Na eternidade em disparada
Que tudo arruína e leva ao nada
Somente o ser tem permanência”
Penso que é nessa forma, a da permanência do ser, a da vida que é resistência, que podemos ver a imortalidade de Fidel Castro. Ele se tornou imortal não só agora. Ele se tornou antes, desde a derrubada de Fulgencio Batista e da revolução na ilha que virou um continente. Fidel passa por este presente e resistirá com sua vida no tempo.
Assim foi o que escrevi nos seus 89 anos. Mas hoje, no Face, apenas consegui dizer: começa um novo tempo para nós. Nós não queríamos que chegasse tão cedo.

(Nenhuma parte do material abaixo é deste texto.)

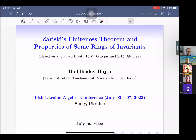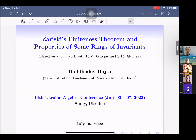It is a pleasure to introduce our first speaker of the session, Buddhadev Hadra from Tata Institute of Fundamental Research, Mumbai. The title of his talk is 'Zariski's Finiteness Theorem and Properties of Some Rings of Invariance.' Thank you for the warm invitation. Today I will talk about Zariski's Finiteness Theorem and properties of some rings of invariance, based on joint work with my doctoral supervisors Professor R.V. Gurjar and Sudarshan Gurjar.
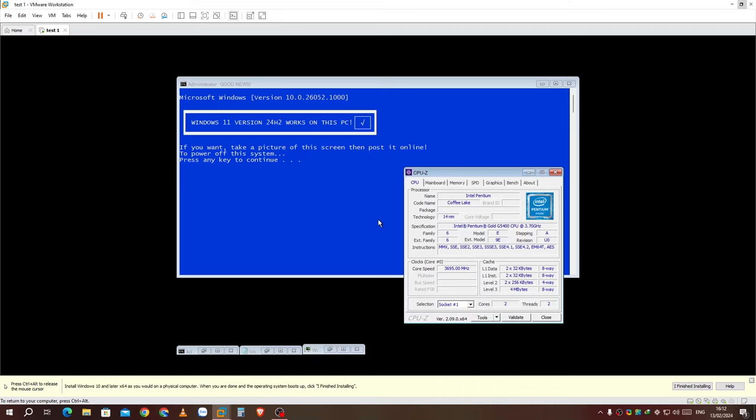If your PC boots into this environment, your PC will boot Windows 11 version 24H2. Otherwise, if it's stuck at the Windows logo without a spinner, your PC won't boot Windows 11 version 24H2.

“A revolução não é um leito de rosas. Revolução é a luta até a morte entre o futuro e o passado” —1961
“Tenho um coração de aço” — quando especularam sobre sua saúde, em 1972
“Com qual moral os líderes dos Estados Unidos falam sobre direitos humanos num país onde existem milionários e miseráveis, onde os negros encaram discriminação, as mulheres se prostituem e as grandes massas de chicanos, porto-riquenhos e latino-americanos são depreciados, explorados e humilhados?”– 1978
“Concluí, talvez um pouco tarde, que os discursos devem ser curtos”– 2000
“A Rússia e a China conhecem os problemas do mundo muito melhor que os Estados Unidos porque foram obrigados a enfrentar as guerras terríveis impostas a eles pelo egoísmo cego do fascismo. Não tenho dúvida, dadas suas tradições históricas e experiências revolucionárias, que farão um grande esforço para evitar a guerra e contribuir com o desenvolvimento pacífico da Venezuela, da América Latina, da Ásia e da África”– 2015
“Estou perto dos 90. Vou morrer como todos. O tempo chega para todos nós, mas as ideias dos comunistas cubanos são prova de que, trabalhando com paixão e dignidade, podemos produzir bens materiais e culturais dos quais o povo precisa” — 2016
A heroica ação dos soldados cubanos em Angola, seguida pela expulsão das tropas da África do Sul da Namíbia — então um protetorado das Nações Unidas — foram um duro golpe no regime racista que tinha o apoio velado dos Estados Unidos. A decisão de Fidel de enviar as tropas, contrariando tanto a União Soviética (da qual se dizia que era marionete) e os Estados Unidos. Uma demonstração de coragem e despreendimento material sui generis, rara na História, que fez dele um herói africano e mundial.